Hmmmm I wondered for a moment there if I couldn't understand the second paragraph because of an enforced layoff from the Net for the last few days due to connectivity problems. Brought to mind a little story involving the Victorian poet Robert Browning. He wrote this rather ambiguous poem called Sordello and someone took a copy of it to another poet named William Cowper who was ailing in bed. It's said that Cowper was so perplexed by the obscurity of the poem that he got into a panic thinking he was more seriously ill than he thought because he couldn't understand an English poem anymore :D I kinda felt that way too here :P

Seriously I think it's nothing short of criminal that fellow Indians often don't know a thing about us. When I was at college and part of a study tour in Mumbai (it was Bombay then, of course), one of my co-tourists was buying trinkets at a beach and the curious seller asked where she was from and when she said Mizoram, he apparently asked, "Is that somewhere near Mexico?"!!

Mizohican said...

Similar to your story, my cousin and his wife went through a similar situation at a convention in New York.

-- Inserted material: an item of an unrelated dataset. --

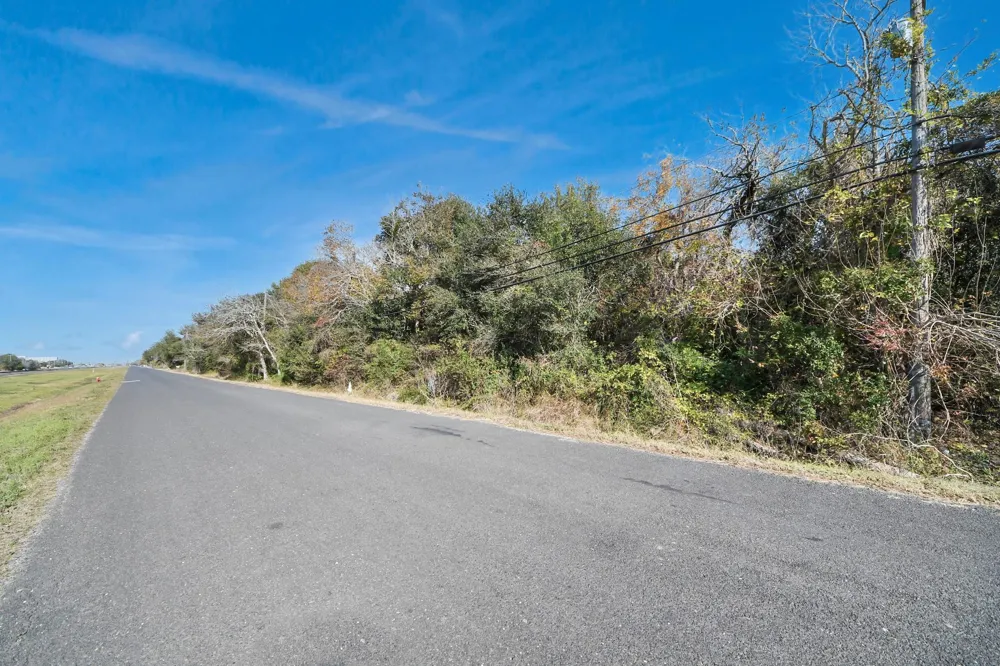 Oak St N Texas City, TX 77590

When they told the people that they were Indians, everybody thought they meant native Americans, including our own Desi Indians who were there at that particular function :-)

Philo said...

Calliopia: Thanks for the anecdote although i hope the Cowper syndrome was only momentary. Philo has taken note!
Illusionaire: That's funny. When i introduced myself as Indian, the next question often was 'which tribe?' Come to think of it, the question doesn't look totally out of place except that 'tribe' presupposed a Hopi or Quecha, etc.

Anonymous said...

I live and work in an environment which is 24/7 Indian. But even in such an environment, people still come up and ask if I am Indian. I have yet to be mistaken for an Indian outside my environment which has its advantages sometimes :)

JOe blow said...

Good thing I'm no longer Indian. It's great to be an American now because you don't have to fit into any particular profile...heck you ain't even gotta speak English. How's that for pluralism and tolerance?...LOL.

Anonymous said...

The same thing happened with us at the famed ROSS store in Market Street, San Francisco, CA. And the name tag surprised us more so because of its Sanskrit originality.